Anthony Weiner and the Revolving Door

http://www.opednews.com/articles/Anthony-Weiner-and-the-Rev-by-Elizabeth-Warren-Anthony-Wiener_Capital_Citigroup_Economic-140918-982.html



Anthony Weiner and the Revolving Door
By Elizabeth Warren
OpEdNews Op Eds 9/18/2014 at 20:44:22

When former House Majority Leader Eric Cantor (R-Va.) took a job with the investment bank Moelis & Co. earlier this month shortly after resigning his Congressional seat, he became the latest example of the tight-knit relationship between Wall Street and Washington. In an interview, I called this out for what it is: another sign that the revolving door still spins freely in Washington. Cantor had little experience in financial services, and the value of people like him to Wall Street firms is influence peddling, plain and simple.

~snip~

The Cantor move to Wall Street is not some isolated incident. Just look at the influence of one mega-bank -- Citigroup -- on our government.
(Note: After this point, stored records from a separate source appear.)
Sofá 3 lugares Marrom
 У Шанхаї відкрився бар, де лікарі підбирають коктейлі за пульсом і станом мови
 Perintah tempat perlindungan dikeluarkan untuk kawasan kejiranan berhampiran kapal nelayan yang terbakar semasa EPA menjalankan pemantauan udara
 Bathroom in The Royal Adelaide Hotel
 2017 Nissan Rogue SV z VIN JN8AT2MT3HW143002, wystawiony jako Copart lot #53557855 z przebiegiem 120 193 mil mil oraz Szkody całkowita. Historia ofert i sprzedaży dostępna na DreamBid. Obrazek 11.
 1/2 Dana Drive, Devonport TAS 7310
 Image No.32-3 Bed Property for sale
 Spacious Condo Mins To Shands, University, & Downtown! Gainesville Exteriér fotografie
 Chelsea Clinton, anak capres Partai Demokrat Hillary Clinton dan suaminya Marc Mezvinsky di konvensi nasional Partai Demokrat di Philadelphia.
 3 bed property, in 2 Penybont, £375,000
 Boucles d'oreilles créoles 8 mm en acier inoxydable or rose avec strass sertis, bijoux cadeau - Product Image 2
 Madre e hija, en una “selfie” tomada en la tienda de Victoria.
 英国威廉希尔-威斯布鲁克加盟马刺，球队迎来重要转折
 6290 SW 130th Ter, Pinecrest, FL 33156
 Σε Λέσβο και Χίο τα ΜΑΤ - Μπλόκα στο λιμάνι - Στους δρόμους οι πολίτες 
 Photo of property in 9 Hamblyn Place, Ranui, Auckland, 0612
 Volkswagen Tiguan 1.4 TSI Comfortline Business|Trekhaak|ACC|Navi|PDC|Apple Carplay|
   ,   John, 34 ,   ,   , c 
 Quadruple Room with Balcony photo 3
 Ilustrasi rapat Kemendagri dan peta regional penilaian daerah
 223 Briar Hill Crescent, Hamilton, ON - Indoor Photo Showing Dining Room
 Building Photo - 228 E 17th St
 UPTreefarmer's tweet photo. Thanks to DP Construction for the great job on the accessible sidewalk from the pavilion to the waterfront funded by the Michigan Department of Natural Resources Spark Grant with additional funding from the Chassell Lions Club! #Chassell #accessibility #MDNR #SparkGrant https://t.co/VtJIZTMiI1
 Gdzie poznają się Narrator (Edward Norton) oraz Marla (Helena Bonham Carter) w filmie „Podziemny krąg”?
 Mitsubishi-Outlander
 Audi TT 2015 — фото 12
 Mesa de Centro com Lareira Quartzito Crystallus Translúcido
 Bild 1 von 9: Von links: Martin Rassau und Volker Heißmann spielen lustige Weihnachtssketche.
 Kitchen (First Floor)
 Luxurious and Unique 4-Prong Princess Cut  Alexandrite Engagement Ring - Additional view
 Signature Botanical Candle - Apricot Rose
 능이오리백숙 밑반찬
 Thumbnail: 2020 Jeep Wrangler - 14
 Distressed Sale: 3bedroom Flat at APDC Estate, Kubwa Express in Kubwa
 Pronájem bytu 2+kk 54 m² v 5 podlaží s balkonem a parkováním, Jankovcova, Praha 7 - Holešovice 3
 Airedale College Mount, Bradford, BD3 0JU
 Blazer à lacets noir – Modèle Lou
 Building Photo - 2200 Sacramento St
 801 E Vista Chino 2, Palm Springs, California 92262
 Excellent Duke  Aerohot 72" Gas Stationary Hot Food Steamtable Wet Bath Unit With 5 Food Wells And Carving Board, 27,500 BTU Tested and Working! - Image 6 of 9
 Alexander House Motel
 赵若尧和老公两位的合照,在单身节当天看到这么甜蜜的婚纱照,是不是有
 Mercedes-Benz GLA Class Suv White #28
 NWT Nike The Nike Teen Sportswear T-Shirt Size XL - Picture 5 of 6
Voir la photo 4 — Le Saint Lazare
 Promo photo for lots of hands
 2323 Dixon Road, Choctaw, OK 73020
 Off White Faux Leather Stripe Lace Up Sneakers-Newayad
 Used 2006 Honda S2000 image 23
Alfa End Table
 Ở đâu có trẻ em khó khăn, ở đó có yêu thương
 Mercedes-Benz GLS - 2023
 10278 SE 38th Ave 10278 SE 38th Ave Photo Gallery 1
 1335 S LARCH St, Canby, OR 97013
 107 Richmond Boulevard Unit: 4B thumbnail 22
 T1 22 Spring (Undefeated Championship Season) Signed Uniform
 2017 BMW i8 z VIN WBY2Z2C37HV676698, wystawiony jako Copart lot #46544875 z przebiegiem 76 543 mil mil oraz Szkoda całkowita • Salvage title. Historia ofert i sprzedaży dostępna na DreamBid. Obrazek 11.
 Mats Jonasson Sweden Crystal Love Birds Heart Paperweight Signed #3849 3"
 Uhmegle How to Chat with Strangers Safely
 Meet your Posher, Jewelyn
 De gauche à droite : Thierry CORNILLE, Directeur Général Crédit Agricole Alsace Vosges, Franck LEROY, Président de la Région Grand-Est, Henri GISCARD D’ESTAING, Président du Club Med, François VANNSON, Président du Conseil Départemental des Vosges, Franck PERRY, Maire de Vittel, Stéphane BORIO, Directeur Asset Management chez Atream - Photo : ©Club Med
Starting with former Citigroup CEO Robert Rubin, three of the last four Treasury secretaries under Democratic presidents held high-paying jobs at Citigroup either before or after serving at Treasury -- and the fourth was offered, but declined, Citigroup's CEO position. Directors of the National Economic Council and Office of Management and Budget, the current Vice Chairman of the Federal Reserve and the U.S. trade representative, also pulled in millions from Citigroup.

That's what the revolving door looks like at just one Too Big to Fail Bank. What about others? The influence of Goldman Sachs in Washington has been much documented, including here at Huffington Post. JPMorgan? Shortly before the Cantor episode, another former member of Congress -- Democrat Melissa Bean -- took the same senior job at JPMorgan Chase previously held by Democrat Bill Daley before his recent service as White House Chief of Staff. Yes -- this is just a single position at JPMorgan Chase, evidently reserved for the latest politician ready to cash in on Wall Street.

I could go on -- and I will. Soon after they crashed the economy and got tens of billions of dollars in taxpayer bailouts, the biggest Wall Street banks started lobbying Congress to head off any serious financial regulation. Public Citizen and the Center for Responsive Politics found that in 2009 alone, the financial services sector employed 1,447 former federal employees to carry out their lobbying efforts, swarming all over Congress. And who were their top lobbyists? Members of Congress -- in fact, 73 former Members of Congress.